In short, the idea of the book is fascinating, so much so that it is well worth reading, even as it is. I love the idea of someone else packing up his family and going around the world - then telling me about it so I don't have to *do* it. I just wish that a different author had had that idea, had taken this trip. The book would've been marvelous in the hands of a writer who was a more careful observer, and who was willing to write a little more.
The best part was the kids...
I liked best the segments dealing with the Cohens children and how they responded to the various sights on their trip. They paid little attention to natural scenery, had to be "bribed" to see the Louvre, but loved the safari and the museum with the implements of torture. Reading of their escapades reminded me of my own childhood when my sibs (ages 7-10) traveled Europe (only) with our parents during a year living in Scotland.
I am sadly disappointed in Amazon for choosing a reviewer who apparently did not read the book through and through.

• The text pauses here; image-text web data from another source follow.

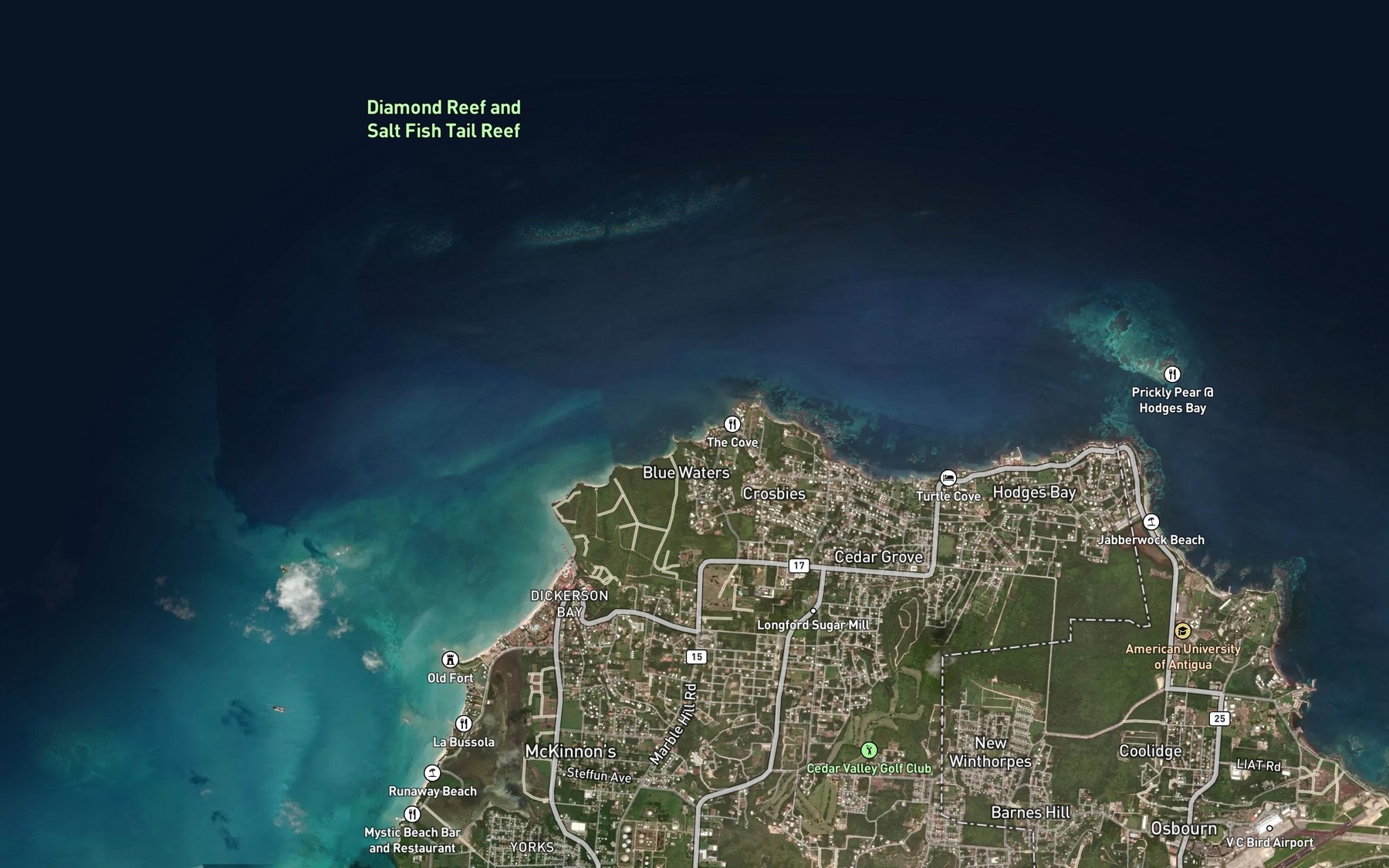 Satellite map of the Blue Waters Bay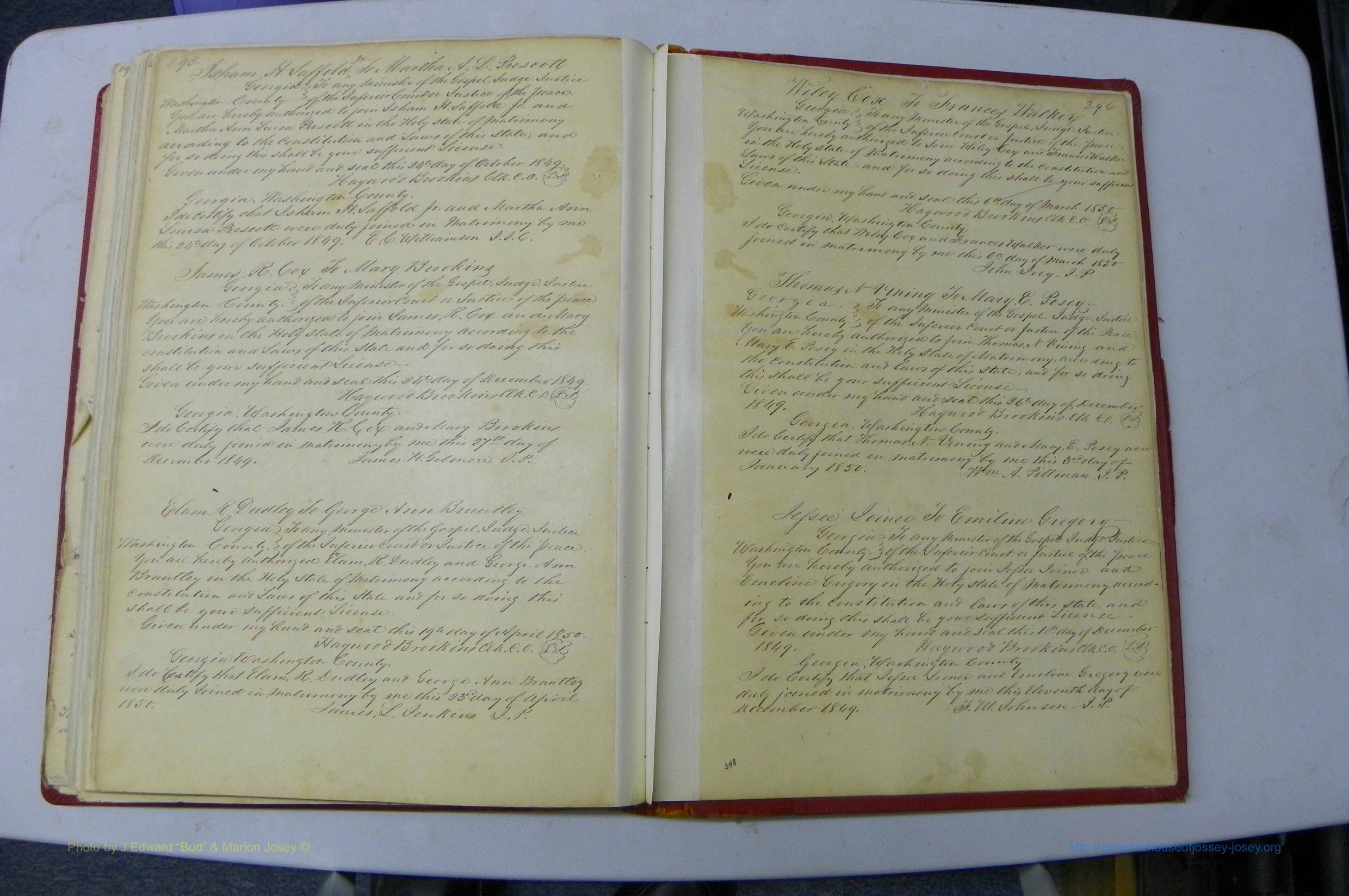 Was GA, Marriages Book A, 1828 - 1852, P 295-296.JPG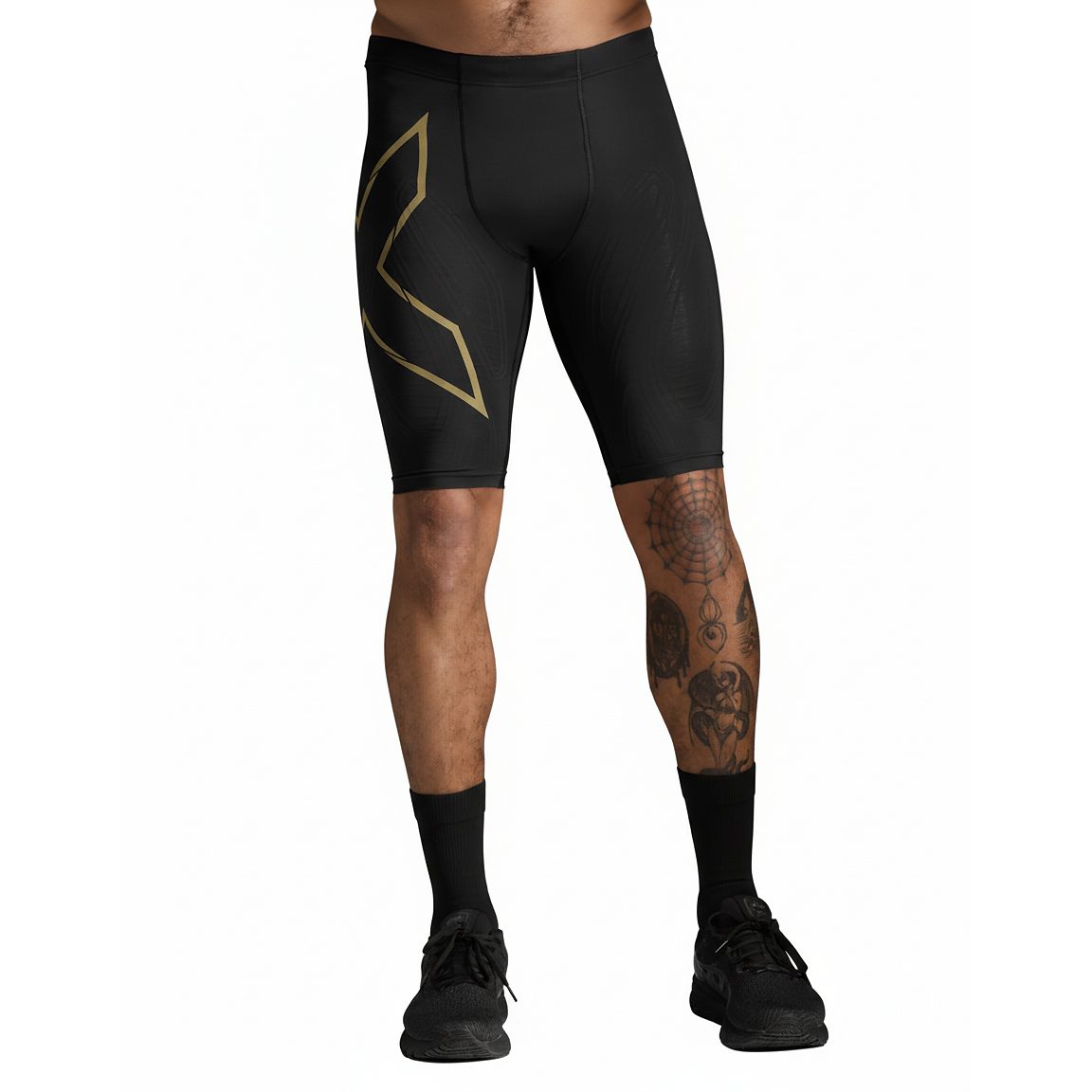 2XU Light Speed Compression Shorts |Black/Gold Reflective - Extra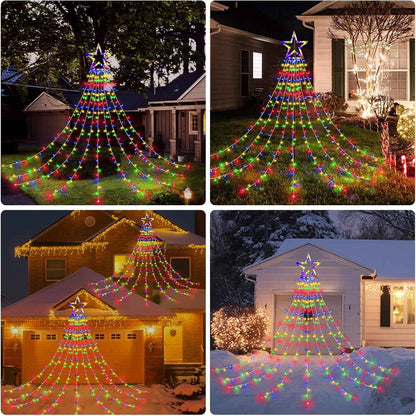 BlcTec 317 LED Waterfall Lights – Flameless, Cool-Running Holiday Lighting Safe Around Kids, Pets, and Sleeping Areas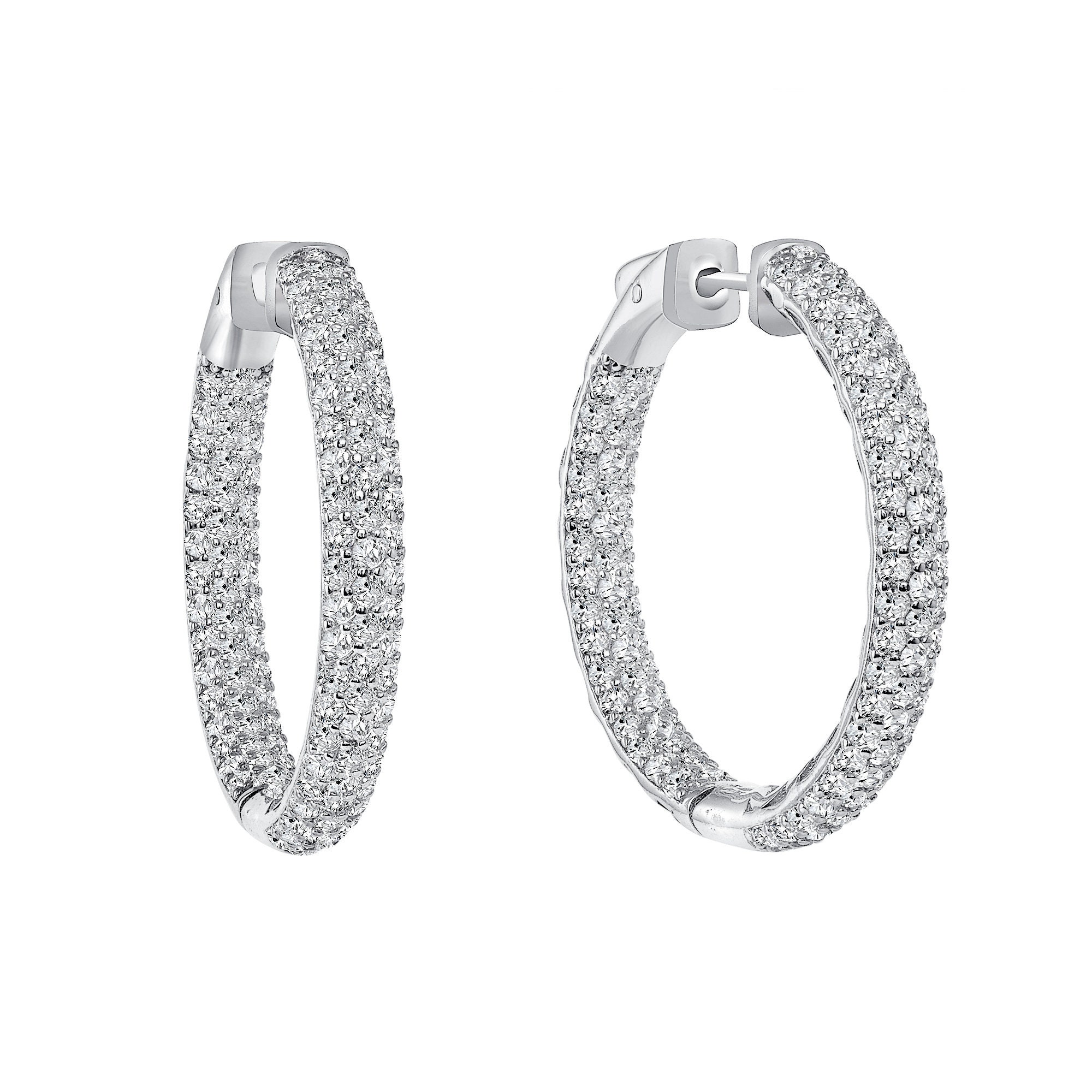 Orecchini A Cerchio Inside Out Diamonique Pave CZ Da 45 - Foto 3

The Cohens were NOT endangering their chidren. Kids get wild and scamper about -- and bones can get broken at home falling off a bicycle. The older two Cohen children will remember this trip all of their lives. (25 years since our year in Scotland, our memories are still vivid!) And we did things, too, that would put fear in a parents heart. Yes, kids can be heedless of danger, but is that any reason for them to stay at home?
The Cohens did not recklessly choose to go a game preserve -- that was their daughter Kara's request. And they explain in the epilogue why they didn't go the luxe route!
I admire the Cohens for doing what they did. And I heartily admire my own parents, too -- reading this book made me realize just how much my own parents had taken on, and we didn't do half the stuff the Cohens did.
More power to all of you intrepid parents traveling with your kids!
Fun, but Club Med-ish in its approach to the world
As a San Francisco resident planning to take a similar trip in five years, I was especially interested in David Cohen's story.
The book is extremely enjoyable, funny, and frustrating at the same time. The simplistic e-mail style of writing works well for a light read, but I often hoped the author would add deeper meaning or insight to an experience. At least he didn't pepper the text with LOLs and smilies, I suppose.
Traveling primarily by plane and car, instead of by trains and buses, the family has little chance to become immersed in the local culture; in some places, they seem to barricade themselves from the locals instead of trying to sort out just how fearful they need to be. And where are all the stories of the kids becoming friends with the local children?
So, although I thought the book was fun, and I will read it to my three, it was frustrating in its documentation of missed chances to really learn.